Take it like a man - where the sun don't shine
Women in the United States live on average 7.2 years longer than men. Men working in high stress jobs like law enforcement, where they are subject not only to police stress but to maintaining a veneer of self-reliance come hell or high water, die on average even sooner. If you take to heart what I’m about to write, it is more likely to save your life than all the self-defense tactics you’ve ever learned.
In a few hours I will find out if I have prostate cancer. This seems like a good time to start an article I probably should have written a long time ago. You can’t pick up the paper these days without reading about a male celebrity, like New York Yankee manager Joe Torre (age 58) fighting prostate cancer, or Darrell Strawberry battling colon cancer. These are among the top three killers of men, and probably the top two among nonsmokers. They are also the most curable if discovered early.
If my urologist tell me the results of the biopsy I had last week is positive, but that the cancer is most surely localized (due to a low PSA test this is my hope if indeed it is cancer), then I will most assuredly opt for surgery to remove, and cure, the cancer.
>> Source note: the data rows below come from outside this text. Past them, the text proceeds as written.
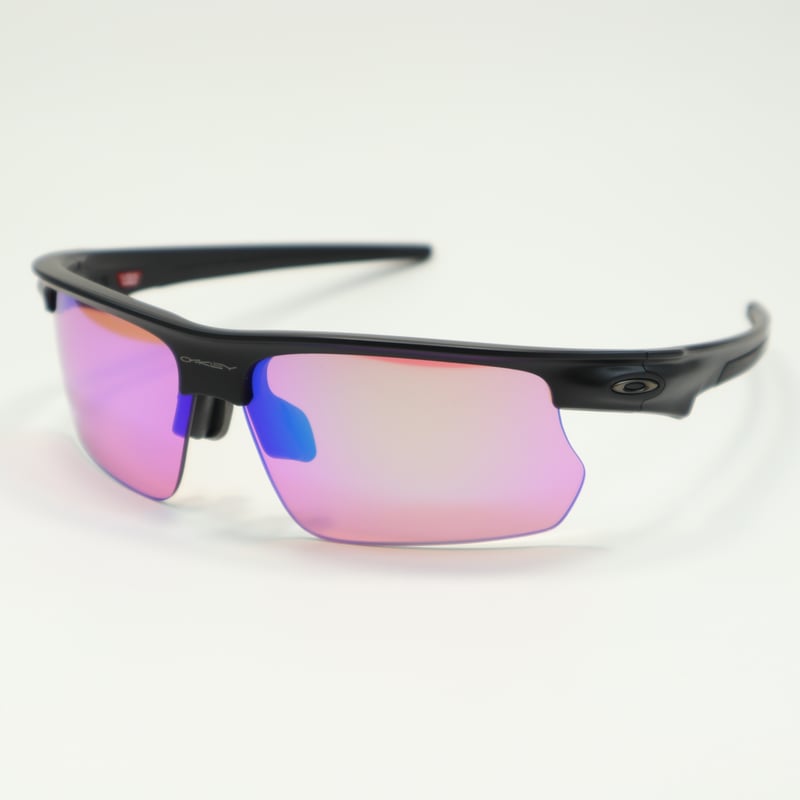 OAKLEY オークリー BiSphaera バイスフィエラ Matte Black / Pr OAKLEY オークリー BiSphaera バイスフィエラ Matte Black / Pr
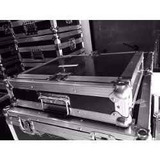 Flight Case Para Gallien Krueger Backline 600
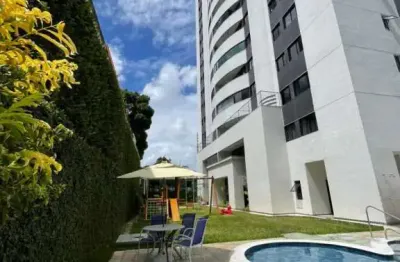 Apartamento à venda no ariano suassuna, poço da panela, recife, pe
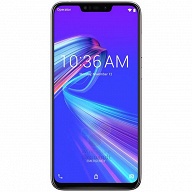 Смартфоны Asus ZenFone Max M2 и Max Pro M2: много официальных фото и полные технические подробности за 10 дней до анонса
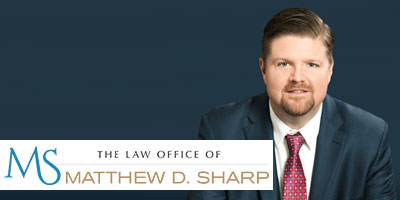 The Law Office of Matthew D. Sharp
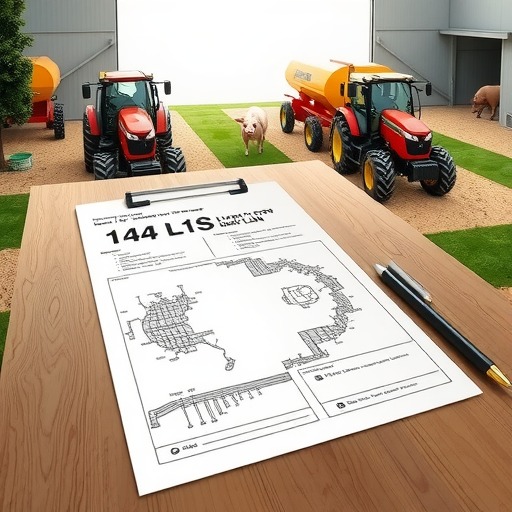 "十四五畜牧兽医行业现代化发展蓝图全面解读"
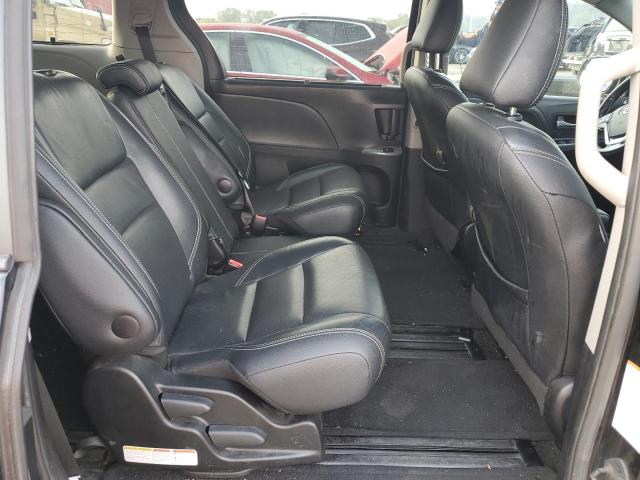 Photo 11 from auction – 2015 TOYOTA SIENNA SPO with VIN 5TDXK3DC6FS680099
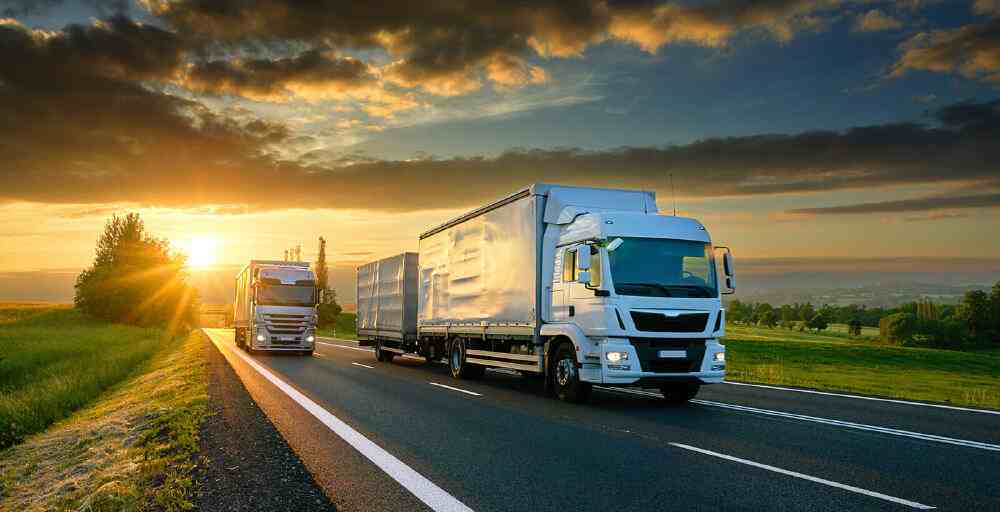 Тарифы на грузоперевозки изменились в Казахстане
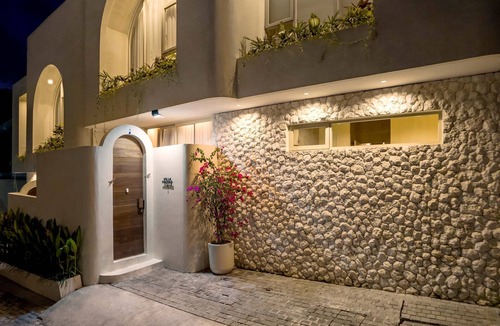 Munggu Villa | Villa Fresko 1 in Mengwi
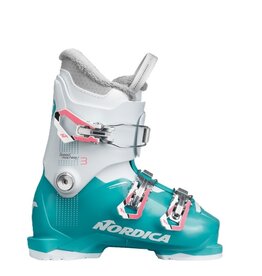 NORDICA NORDICA JR. SPEEDMACHINE J3 SKI BOOTS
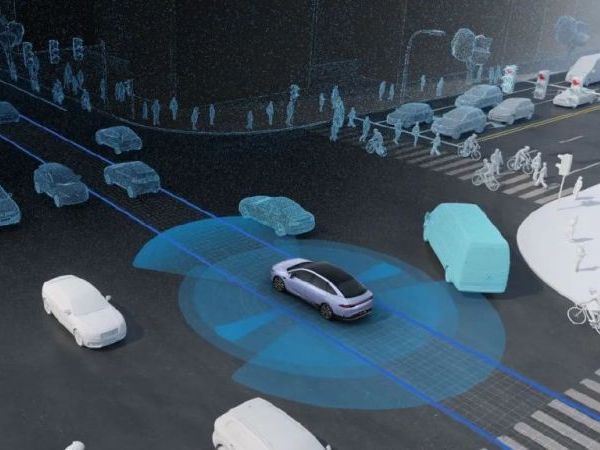 J.D. Power Research Finds Drivers Are Not Interested in Advanced Driver Assistance Systems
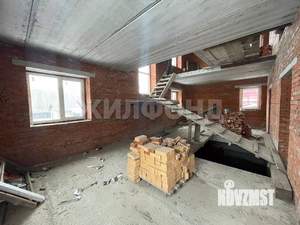 Коттедж 416м², 2-этажный, участок 10 сот.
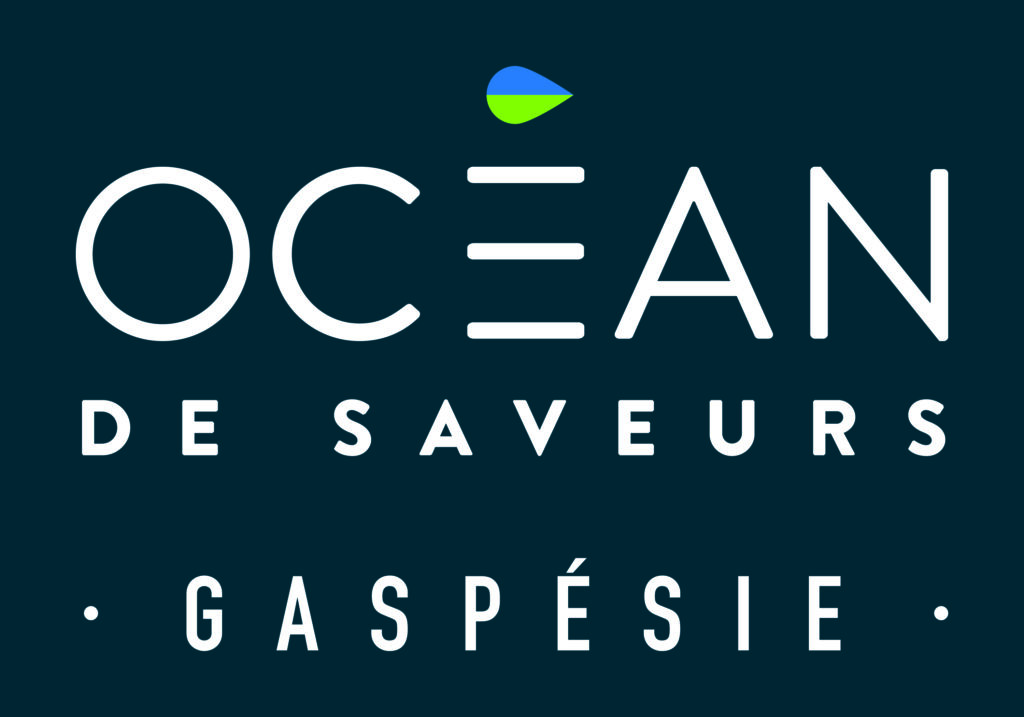 Logo - Un Océan de Saveurs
I’ll survive because I stared having prostate exams and PSA tests when I turned fifty, five years ago.
If you are over fifty, and have not had a digital rectal exam to test for prostate enlargement or asymmetry, a PSA (Prostate Specific Antigen) test; and fecal tests and a scope of your colon for colon cancer, you are literally taking your life into your own hands. You might as well crash through the door of a drug house without a bullet proof vest.
But many male police officers would rather stand in a cold rain directing traffic for eight hours than have their nether regions probed. Is it manly to have a doctor’s finger in your rectum? That should be a non-issue! Let me tell you, the doctor isn’t having any more fun than you are. He (or she!) is intensely focused on exactly what your prostate feels like. The lucky, and life saving, anatomical fact is that the side of the prostate that tumors most frequently develop on is the side next to the rectum. An experienced physician can feel abnormalities which could be tumors. Further tests become more invasive: a painless transrectal ultrasound may show a suspicious area and if so, a needle biopsy can sometimes be painful. All of these tests mean, to put it delicately, being probed where the sun don’t shine.
None, however, are in the same ball park as dying of prostate cancer when it comes to pain. Colon cancer diagnosis is along the same lines, although the diagnosis made with a colonoscopy (the “Gold Standard”) generally includes actually snipping out suspicious growths and is often curative if they are malignant and found early.
Mister Tough Guy
If you’re a repeat reader of Police Stressline, you know that I try to encourage self-awareness, and being more open with your feelings. I also know, as a police stress therapist, that it is always better for police officers to admit to themselves when they are afraid. These aren’t exactly the traditional characteristics of the stereotypical police officer, especially those in their late twenties and early thirties. As middle age approaches I find many police officers become more philosophical about themselves and their jobs. If they don’t, they often succumb to police stress, they become cynical and angry. And they sometimes wall themselves off from their emotions, distance themselves from their families, and stop caring about their own physical and mental health. Indeed, it is like a slow suicide, often made worse with alcohol.
If this happens to you, what is the sense of seeing a doctor for an annual physical? You’ve really given up caring whether you live or die. If you’re like this, hear me out: you might be killing yourself.
While biopsy is one of the more frightening words in the English language, one of the sweetest of all to hear from your doctor is the word “benign”. To tell the truth everybody but me was convinced that my results would be negative. I’m the one who read extensively on the Web about what would be in store for me if the results were positive. That is what prompted me to write this article, which I hope will help others. There was a heart-stopping moment when the doctor looked at the report from the lab and said “give me a few minutes, I just want to give the head pathologist a call and speak to him”. Those few minutes dragged on. But he came back smiling and said “good news”.
The fact of the matter is that the odds were in my favor. But had the biopsy shown a localized cancer, there is little doubt that early detection would have saved my life. Just as it would for you.